Soğuk demirler tüylerimi ürpertirken suçları reddetmekten bitap düşmüş bedenim duvara yaslıydı. Polisi gördüğümde ayağa kalkmak istedim ancak onlara ne dersem bana inanmayacaklardı. Orada uyandığımda avucumda silah, önümde ceset vardı. Sevdiğim adamın sesinden sonra polis sirenleri çınlamıştı kulaklarımda. Sadece, bu. Bu kadar.

Sesini duyduğum an başımı kaldırdım ve parmaklıklara yaklaştım.

''Bana bak! Bana bak halimi görmüyor musun? Ellerini tuttuğun kadını ellerinle parmaklıklar ardına attın.'' Yüzünü döndüğünde adımları da bu tarafa döndü. Göz altları mor, içi ise kan çanağıydı. Kanı andıracak kadar kırmızı. Sol elinde sargı vardı ve kan üzerine işlemişti. Gözlerimin içine baktığında elimi sertçe demirlere geçirdim.

''Atlas!'' Yüzüme buz gibi bakıyordu. Duygudan yoksun bir duvardı bana. İçten içe deliriyordum. Dizlerimin bağı tamamen çözülmüş, beni taşımıyorlardı artık.

''Atlas,'' dedim. ''Dur. Ne olursun dur. Görmüyor musun? Can çekiştiğimi göremiyor musun? Nefes alamıyorum.'' Ellerimle boynumu tuttum ve oksijen için dilenircesine başımı kaldırdım. ''Herkesi gören maviliklerin bir bana mı kör? Bir bana mı sağır kulakların?''

Beni umursamadan önce gözlerini çekti gözlerimden, sonra bedenini.

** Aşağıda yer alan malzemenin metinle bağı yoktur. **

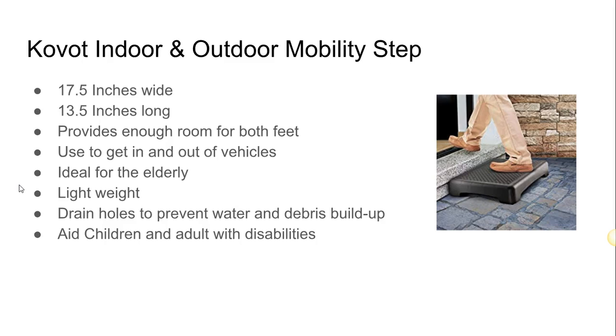It's ideal for the elderly and it's lightweight, so you can pick this up in one hand easily without feeling any weight. Another great feature is it has some holes on top that prevent debris and water from staying on the step.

Nezaret parmaklıkları el olup boğazımı sıkıyordu.

Tuttuğun silah değil; nezaret parmaklıkları.
Şarjörü mermi değil; kalbimin yılanları.

Hayatta yalnız kalmanın esas olduğunu hala kabul edemiyor musunuz? Bütün yakınlaşmalar, bütün birleşmeler yalancıdır. -Kürk Mantolu Madonna

Odada yankılanan ayakkabı topuğunun tıkırtısından zevk alan adam ceketini omuzlarından attı. Gevrekçe gülerek geniş koltuğuna oturdu ve gömleğinin düğmelerini açarak sıvadı. Ayakta duran genç adama cevap bekliyormuşçasına baktı.

''Aralarını bozduk patron. Plana geçilsin mi?''

Saatler sonra

Kilit ile anahtar birleşmesi koca nezarette yankı yaparken gözlerimi araladım. Kendimi hissetmediğim kadar yorgun hissediyordum çünkü bu artık sadece fiziksel bir yorgunluk değildi.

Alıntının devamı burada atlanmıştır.